--- DESCRIPTION OF THE TASK ---
In your copy of the data, keep every word exact and include no pictures.

Segment Start: INPUT DATA

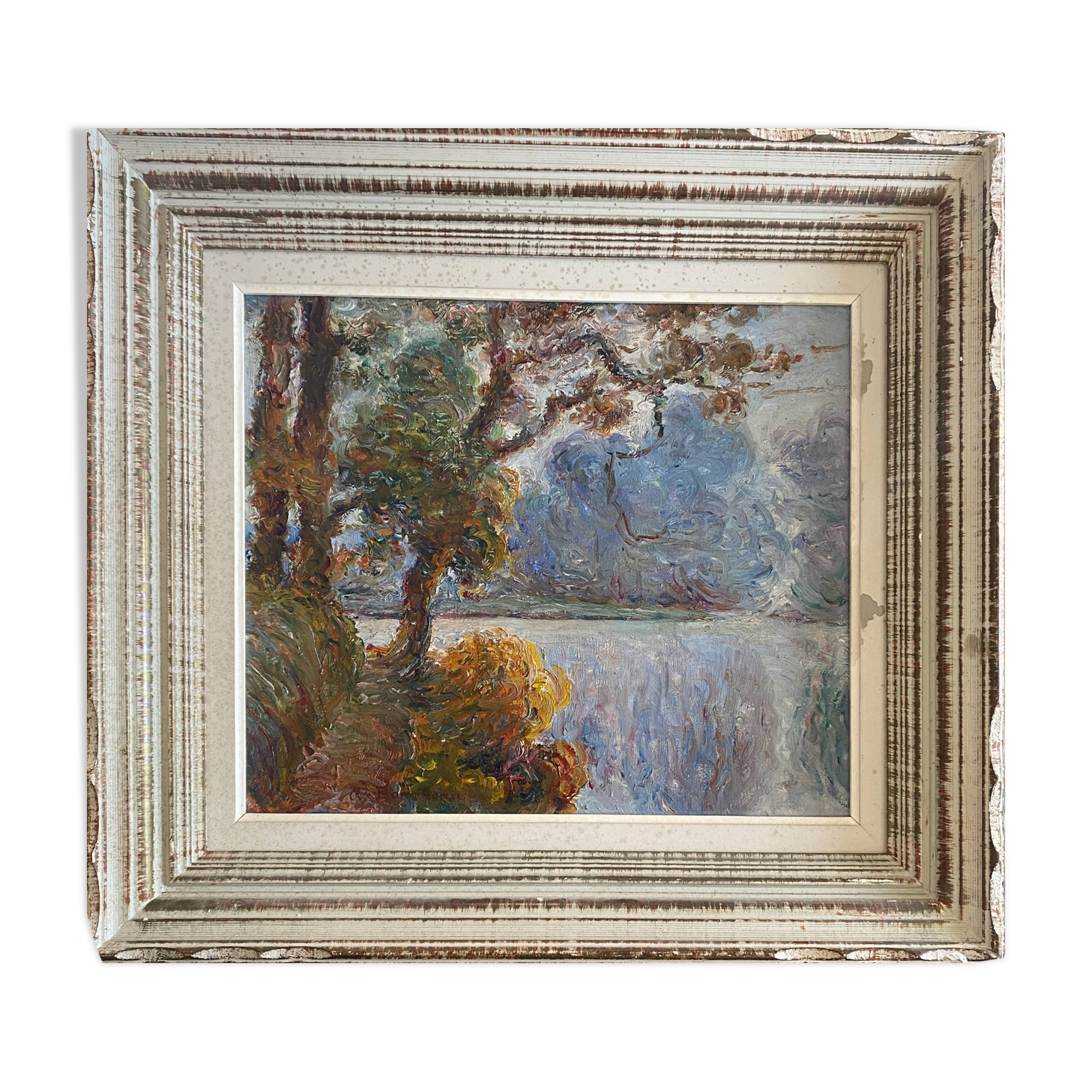 Painting by A. Bonabeau "Wooded riverside" HST, frame circa 1950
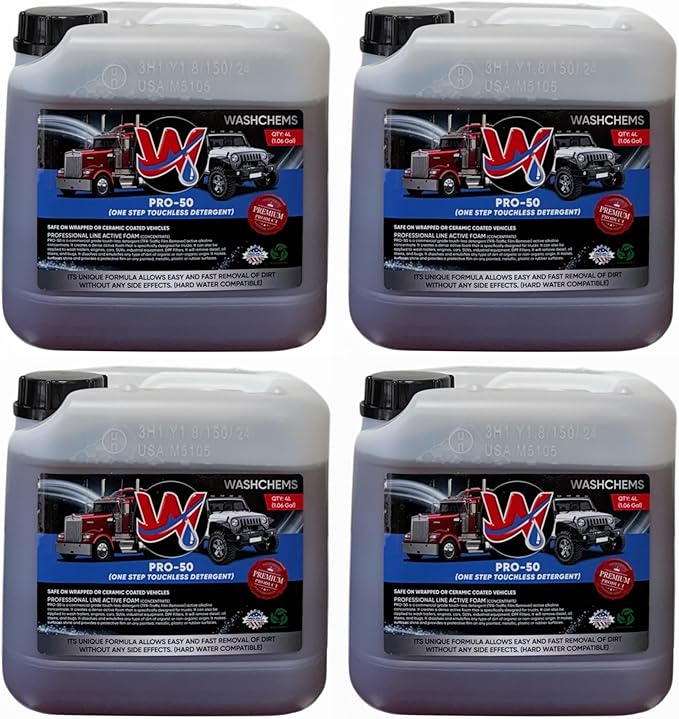 Wash Chems Pro 50 Touchless Car Wash Detergent Soap Concentrate No Brushing by WASHCHEMS
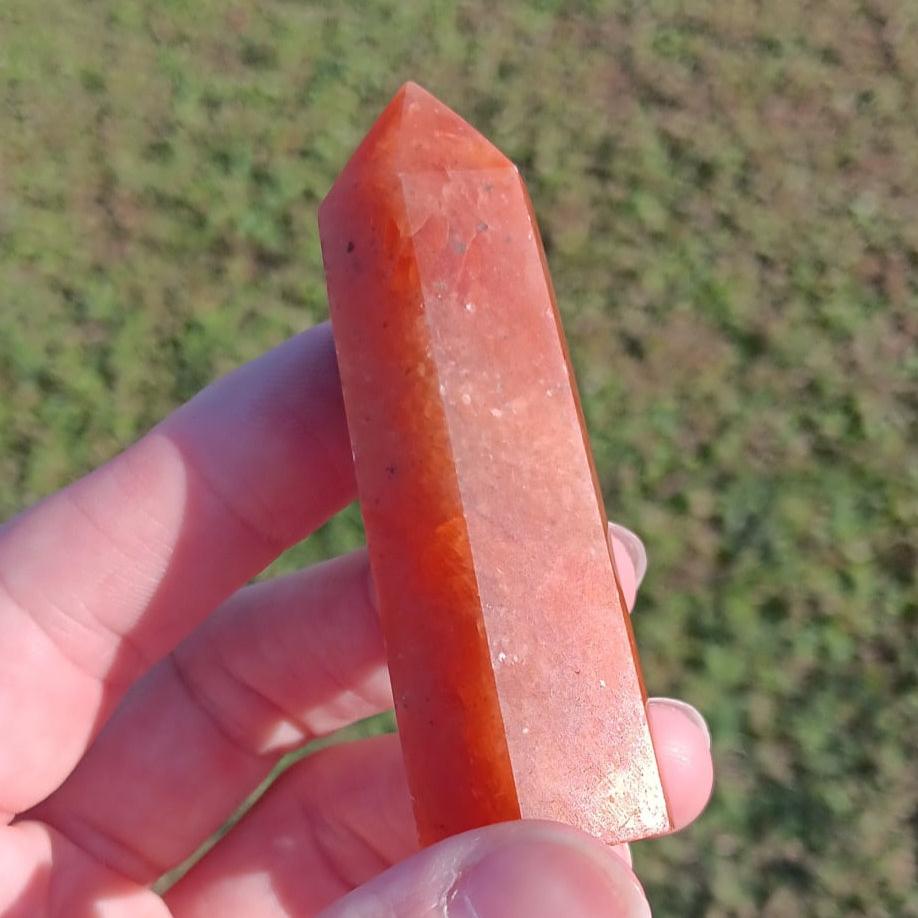 Obelisk: Sunstone With Apatite Inclusions 3 Inches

Segment End: INPUT DATA

--- SOLUTION TO THE EXERCISE ---
 Painting by A. Bonabeau "Wooded riverside" HST, frame circa 1950
 Wash Chems Pro 50 Touchless Car Wash Detergent Soap Concentrate No Brushing by WASHCHEMS
 Obelisk: Sunstone With Apatite Inclusions 3 Inches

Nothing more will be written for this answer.